Здесь самоотверженно трудился самый циничный человек в городе. Этого человека звали – Александр. Если бы мне мешали спать лавры Оноре де Бальзака, если бы лавры шумели по ночам и стучали ветками в мое окно, я бы нарисовал Александра как следует. Увы, я не лавры, я дуб Оноре де Бальзака… Александр верил, что все хорошее возникает от невозможности совершить дурное. «Добродетель, – намекал Александр, – попирает все законы естества. Если женщина полтора месяца занимается добродетельностью, значит, у нее скверная болезнь».
– Так-так-так, – произнес Александр, поглядывая на Карину. – Значит, это будет у нас матушка Прага?
– Я подобрал ее полчаса назад на панели, мать у нее скончалась в психиатрической больнице, а отец перерезал всю семью, за малым исключением, – поспешил я с рекомендацией. – Кстати, ее зовут Карина, и она согласна со мною переспать, так что будь добр, одолжи мне двести баксов.
– Хватит и ста пятидесяти, – возразил Александр.
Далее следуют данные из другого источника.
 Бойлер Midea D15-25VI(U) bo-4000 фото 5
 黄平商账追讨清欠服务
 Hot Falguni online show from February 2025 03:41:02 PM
Последнее замечание, видимо, не устраивало Карину с туфельной точки зрения. Все остальное она пропустила мимо ушей.
– Вы оба, – подчеркнула Карина, – ля-ля-ля-ля-ля-ля-ля!..
– Музыкальная девушка, – уважительно отозвался Александр. – Сейчас мы сделаем из нее прибамбас…
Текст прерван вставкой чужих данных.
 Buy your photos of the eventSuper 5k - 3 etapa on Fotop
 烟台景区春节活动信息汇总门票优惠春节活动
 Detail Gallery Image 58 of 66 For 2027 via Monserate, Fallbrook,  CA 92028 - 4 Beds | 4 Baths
Не садитесь в парке на скамейку. Тут же рядом возникнет девушка. Она будет внушать вам мысли о длинном романе с тонкими чувствами. Девушка начнет разговор скромно, но слегка откинется назад и станет медленно выскальзывать из юбки – миллиметр за миллиметром. Это Карина. О чем она там болтает? Но если провести с нею рядом всего полчаса, то ноги у Карины обнажаются до бедра, и какая разница – чем питаются ваши уши, когда празднуют ваши глаза. Но не пяльтесь на Карину понапрасну. Девушка эта неожиданная – вдруг как сквозь землю провалится и только растревожит вашу психику и взболтает. Со дна организма поднимутся всевозможная муть и осадки, муть и осадки, муть и осадки. Легкое помешательство, умеренное помешательство, буйное помешательство – выбирайте. Эй! Эй! Сладострастная моя Карина, ты здесь, и нет тебя здесь! Ты разбилась на тысячу осколков, как мозаика. Сколько нужно девушек собрать вместе, чтобы получилась одна Карина?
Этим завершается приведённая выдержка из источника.